### [Assignment]
Given the entries below, would you transcribe exactly the lines starting at the one with "You should basically" and ending at the one with "Warning: 3D printed", both kept, pictures omitted, nothing extra?

### [Records for processing]

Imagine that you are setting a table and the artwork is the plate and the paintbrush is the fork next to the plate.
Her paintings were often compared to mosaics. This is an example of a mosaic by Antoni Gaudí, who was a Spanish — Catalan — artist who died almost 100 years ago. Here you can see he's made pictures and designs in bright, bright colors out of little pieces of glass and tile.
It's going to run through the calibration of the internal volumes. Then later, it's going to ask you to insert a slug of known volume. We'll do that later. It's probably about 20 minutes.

==

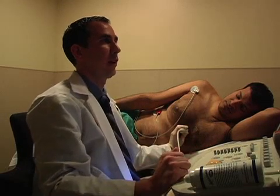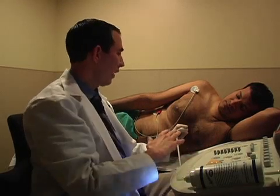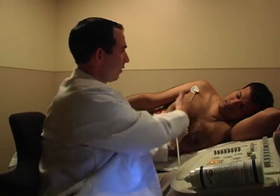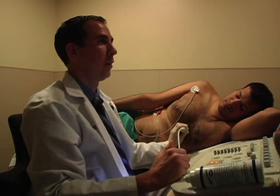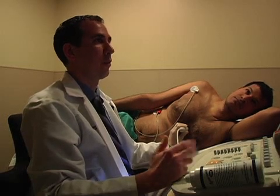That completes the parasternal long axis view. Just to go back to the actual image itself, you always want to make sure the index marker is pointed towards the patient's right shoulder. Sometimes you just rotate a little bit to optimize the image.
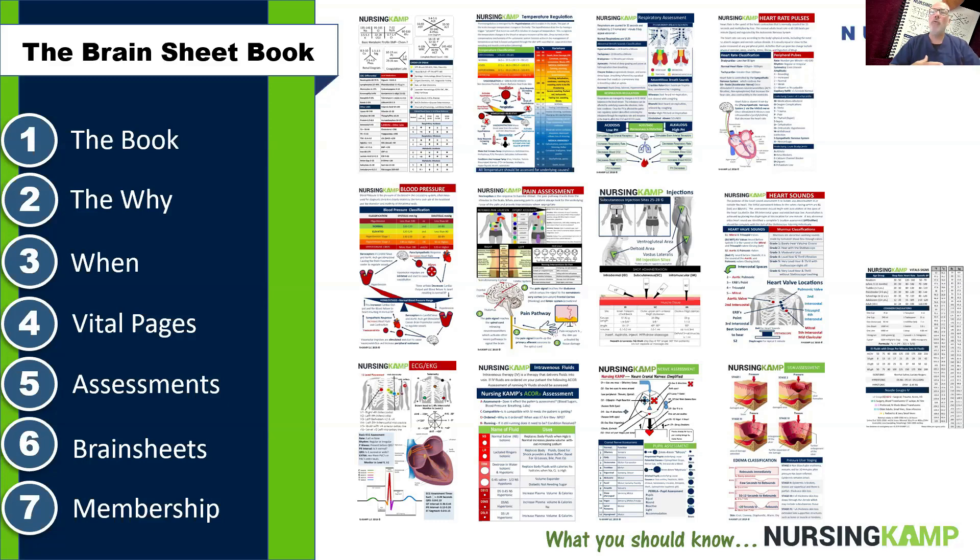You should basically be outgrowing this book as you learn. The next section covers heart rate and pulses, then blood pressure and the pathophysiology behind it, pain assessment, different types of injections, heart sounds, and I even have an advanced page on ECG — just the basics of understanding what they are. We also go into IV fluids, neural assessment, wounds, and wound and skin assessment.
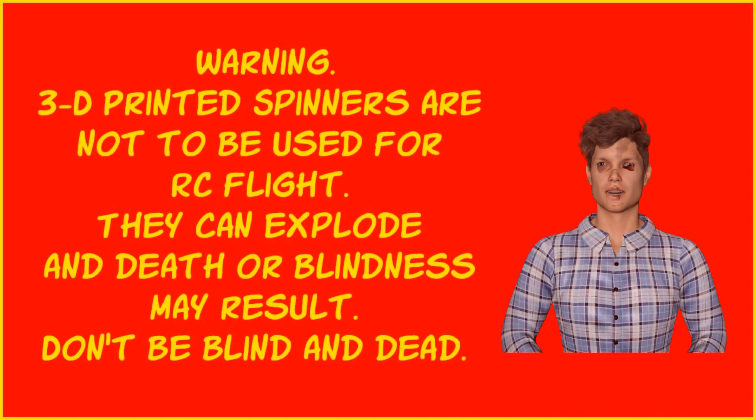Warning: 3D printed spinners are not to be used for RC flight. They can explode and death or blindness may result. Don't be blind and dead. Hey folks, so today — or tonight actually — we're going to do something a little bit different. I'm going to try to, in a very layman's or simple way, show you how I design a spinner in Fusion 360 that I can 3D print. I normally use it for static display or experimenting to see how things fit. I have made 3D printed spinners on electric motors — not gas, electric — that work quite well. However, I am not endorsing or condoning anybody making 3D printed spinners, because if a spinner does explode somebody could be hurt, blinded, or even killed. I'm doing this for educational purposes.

...

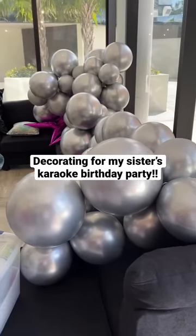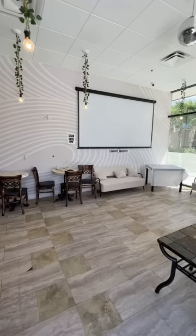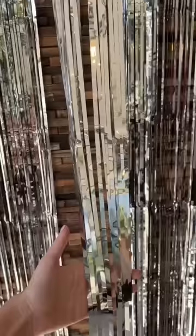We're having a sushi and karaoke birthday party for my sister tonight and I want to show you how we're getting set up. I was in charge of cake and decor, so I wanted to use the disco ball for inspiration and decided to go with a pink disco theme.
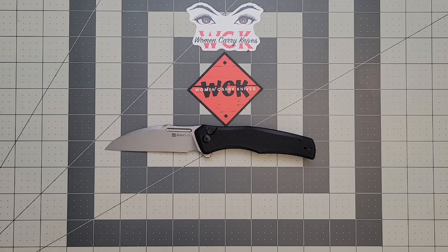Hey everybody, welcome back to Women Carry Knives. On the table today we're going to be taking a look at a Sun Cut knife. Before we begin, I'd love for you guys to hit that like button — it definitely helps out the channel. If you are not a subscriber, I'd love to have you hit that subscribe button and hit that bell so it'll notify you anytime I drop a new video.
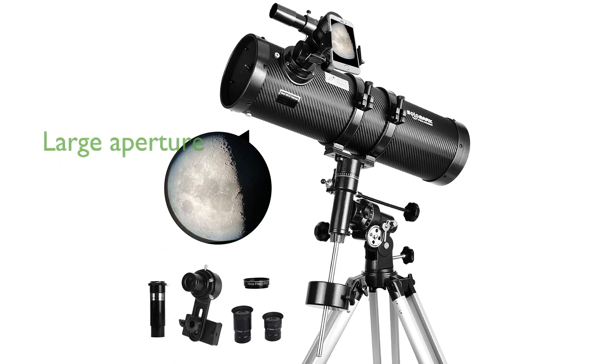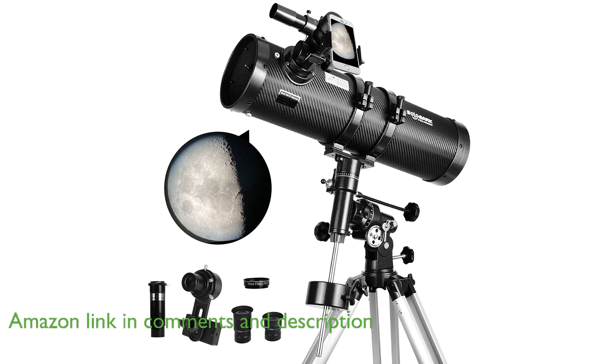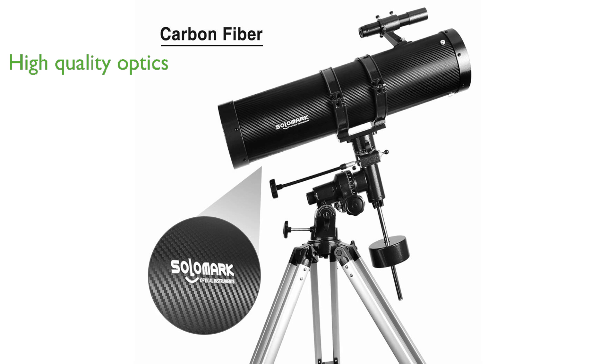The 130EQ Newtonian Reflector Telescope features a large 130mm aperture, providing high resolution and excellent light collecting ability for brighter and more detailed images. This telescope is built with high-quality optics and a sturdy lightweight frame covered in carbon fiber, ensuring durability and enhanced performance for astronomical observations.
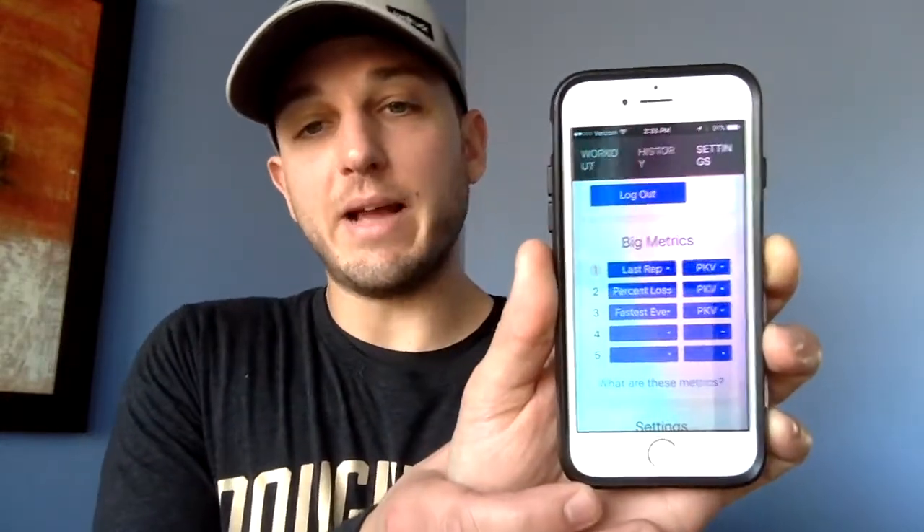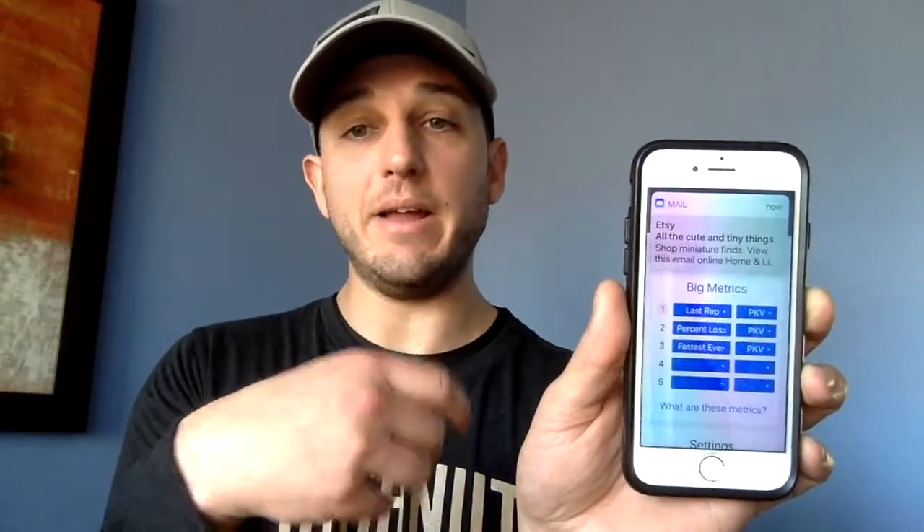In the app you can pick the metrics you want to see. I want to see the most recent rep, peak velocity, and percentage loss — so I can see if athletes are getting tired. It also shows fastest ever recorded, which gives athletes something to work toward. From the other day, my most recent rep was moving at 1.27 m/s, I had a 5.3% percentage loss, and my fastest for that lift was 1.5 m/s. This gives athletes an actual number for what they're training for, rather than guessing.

### [Response to this exercise]
You should basically be outgrowing this book as you learn. The next section covers heart rate and pulses, then blood pressure and the pathophysiology behind it, pain assessment, different types of injections, heart sounds, and I even have an advanced page on ECG — just the basics of understanding what they are. We also go into IV fluids, neural assessment, wounds, and wound and skin assessment.
Warning: 3D printed spinners are not to be used for RC flight. They can explode and death or blindness may result. Don't be blind and dead. Hey folks, so today — or tonight actually — we're going to do something a little bit different. I'm going to try to, in a very layman's or simple way, show you how I design a spinner in Fusion 360 that I can 3D print. I normally use it for static display or experimenting to see how things fit. I have made 3D printed spinners on electric motors — not gas, electric — that work quite well. However, I am not endorsing or condoning anybody making 3D printed spinners, because if a spinner does explode somebody could be hurt, blinded, or even killed. I'm doing this for educational purposes.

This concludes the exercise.